La parola “benessere” ricorre ormai di frequente nel nostro parlare. Con essa ci riferiamo allo “star bene” individuale e collettivo in una società sempre più complessa.
Tuttavia non si tratta più solo di ricercare il benessere fisico, psicologico, relazionale ed economico, ma costruire condizioni per un “benessere globale”. Va, ad esempio, pensato un “benessere digitale”, di cui le nuove generazioni hanno un grande bisogno soprattutto ora che l’esistenza comune si va coniugando con una particolare architettura tecnologico-digitale chiamata “metaverso”.
Non se ne sa ancora granché, ma semplificando si può dire che sarà uno spazio tridimensionale in cui reale e virtuale si incontrano e dove gli individui o utenti si muoveranno liberamente. Un luogo dove giovani e non più giovani, immersi in un mondo interconnesso, verranno chiamati ad operare, lavorare, giocare, vivere e condividere la realtà fisica e quella aumentata. Accadrà grazie a dispositivi mobili, cuffie e visori sempre più sofisticati di cui saremo dotati.
È, in fondo, quello che ci aspetta visto l’uso comune e intensivo dei media digitali nella vita quotidiana. Ma questo renderà urgente, non più la demonizzazione continua dei “pericolosi” smartphone che fanno ormai parte dell’esistenza di tutti (bambini compresi), ma la necessità che gli adulti conoscano bene questi strumenti e sappiano far capire le loro funzioni senza trascurare la conoscenza dei rischi possibili derivanti da un loro utilizzo scorretto.
Per la realizzazione del “benessere digitale” servirà mettere a punto programmi capaci di aumentare le competenze digitali degli adulti e precisi progetti di educazione ai media.
Sull’importanza di queste competenze digitali, vale la pena ricordare una ricerca dell’Università Milano-Bicocca fatta su 171 classi di 18 scuole del nord di Milano e della Brianza che ha coinvolto 3659 studenti tra i 15 e 16 anni. Lo studio mostra quanto queste competenze siano limitate e carente l’utilizzo corretto delle informazioni reperite in rete, anche se gli adolescenti a questa età si mostrano a loro agio nella comunicazione su chat e social.
Emerge però che il 29% degli adolescenti è a rischio per l’uso scorretto dello smartphone e il 32% delle femmine per l’uso eccessivo.
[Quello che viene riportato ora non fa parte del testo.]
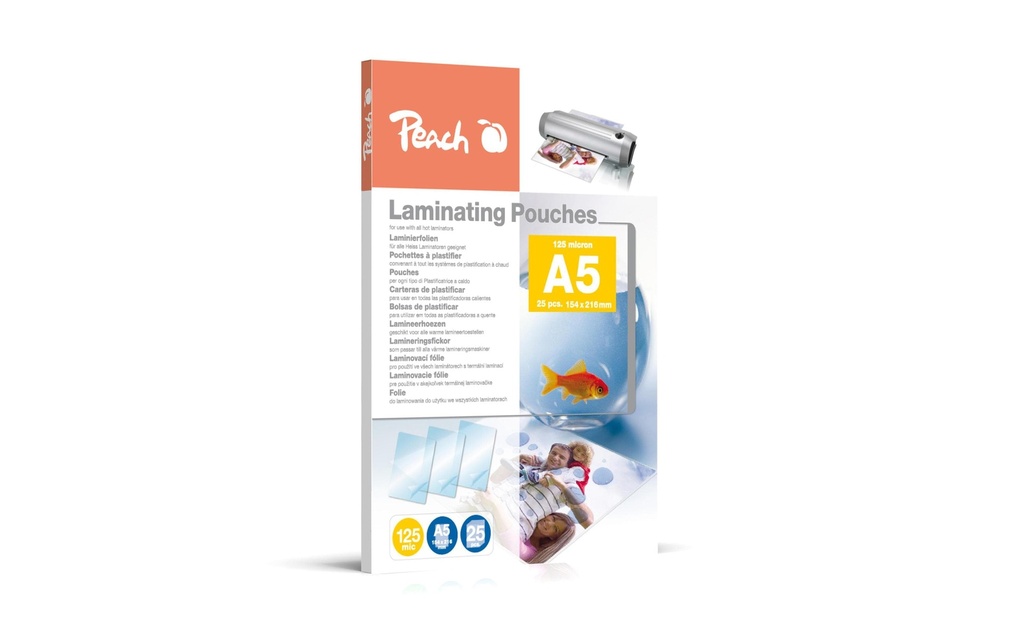 Peach Film laminé A5, , 25 Pièce/s, brillant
È significativo vedere come il 25% degli intervistati lo utilizzi nelle ore notturne e il 35% lo controlli immediatamente al risveglio, mentre il 50% lo usa mentre fa i compiti e il 60% durante l’attività ludica.
Sono dati non trascurabili che rendono urgente una seria progettualità educativa al digitale da parte della scuola e degli adulti di riferimento a cui, peraltro, devono essere richieste competenze educative sull’uso dei dispositivi mobili e sul come controllare l’attività in rete dei minori.
È urgente pensare a una comunità educante capace di applicare una corretta “dieta tecnologica” e anche in grado di organizzare fin dai primi anni della Scuola Primaria progetti formativi che coinvolgano bambini, insegnanti e genitori. L’obiettivo è costruire un “benessere digitale” capace di ricadute dirette e indirette sulle nuove generazioni e sulla collettività.